Reproduce, exactly and only, the lines of the data that follows from the one containing "Traueranzeige von Kurt" down to the one containing "Lopolight Series 201-011", without pictures.

## Given records
+++
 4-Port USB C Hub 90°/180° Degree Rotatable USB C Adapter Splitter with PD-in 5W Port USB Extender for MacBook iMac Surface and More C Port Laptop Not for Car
+++
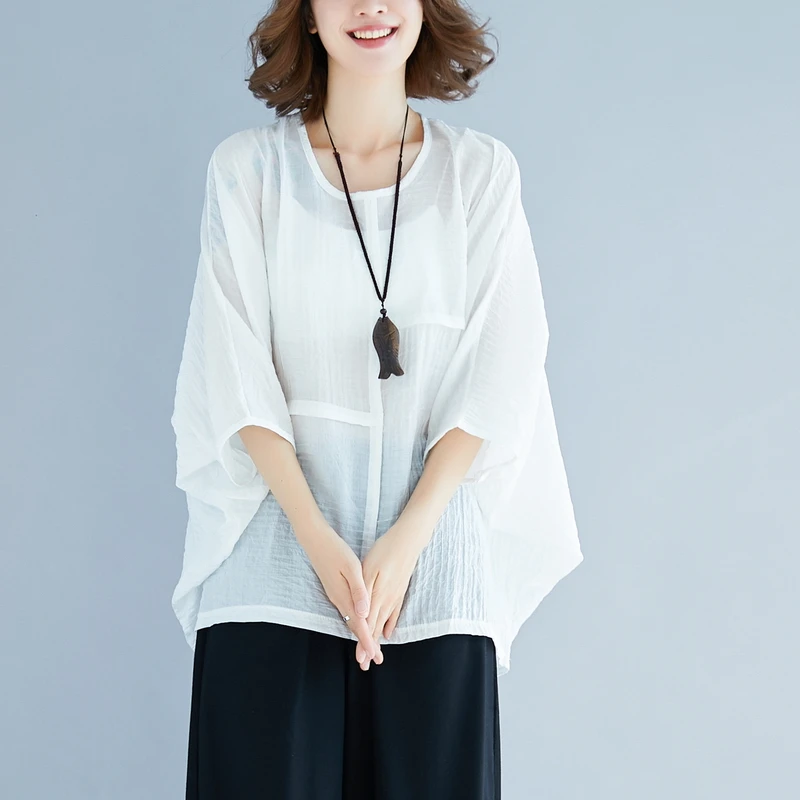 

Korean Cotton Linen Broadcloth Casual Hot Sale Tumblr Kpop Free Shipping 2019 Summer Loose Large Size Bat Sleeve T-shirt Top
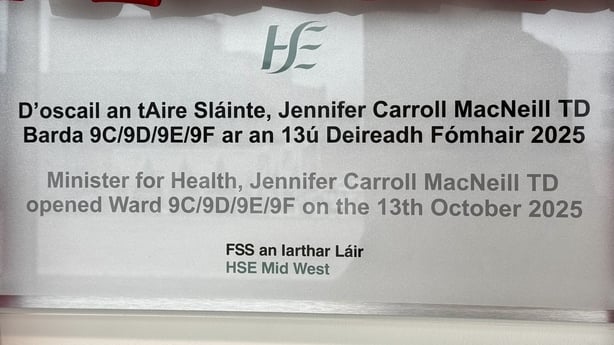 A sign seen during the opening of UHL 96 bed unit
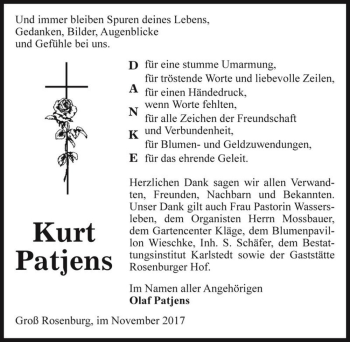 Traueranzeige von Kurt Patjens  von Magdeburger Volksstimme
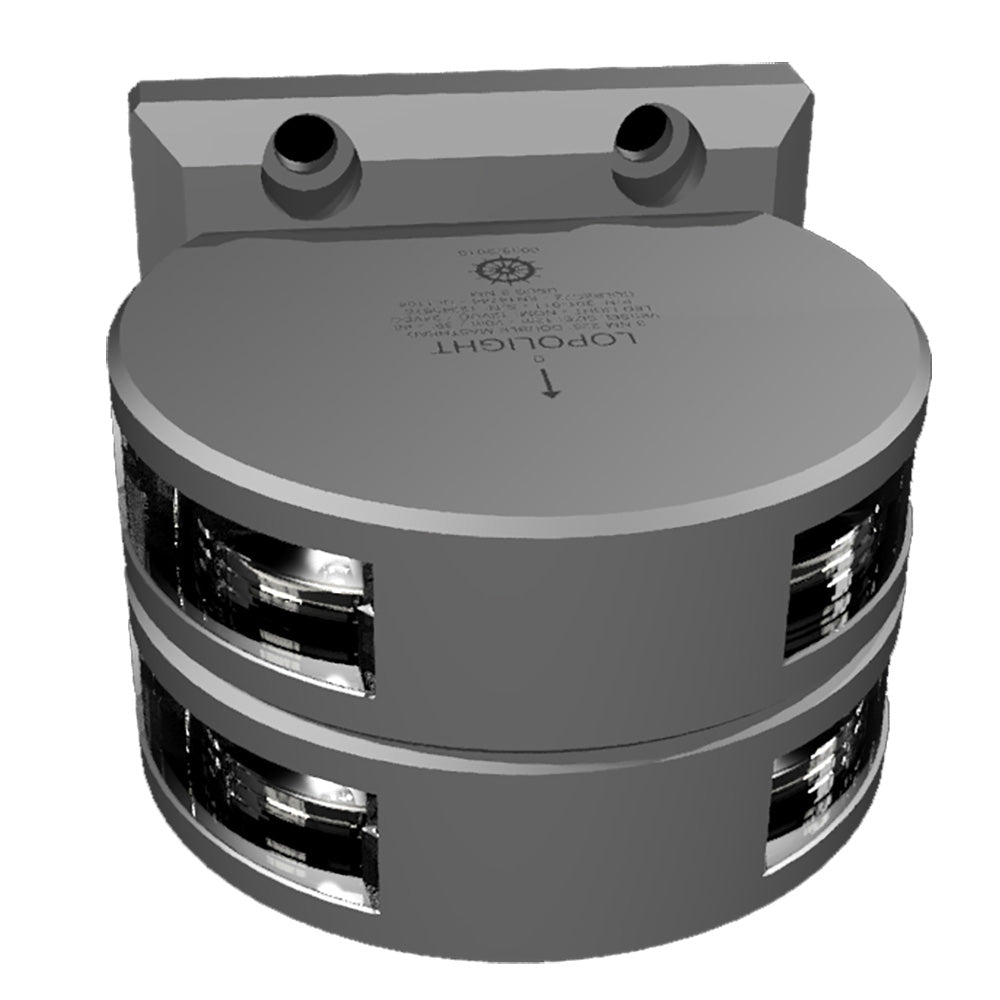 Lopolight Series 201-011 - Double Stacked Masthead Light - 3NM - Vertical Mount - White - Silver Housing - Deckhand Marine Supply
+++
## Response area
 Traueranzeige von Kurt Patjens  von Magdeburger Volksstimme
 Lopolight Series 201-011 - Double Stacked Masthead Light - 3NM - Vertical Mount - White - Silver Housing - Deckhand Marine Supply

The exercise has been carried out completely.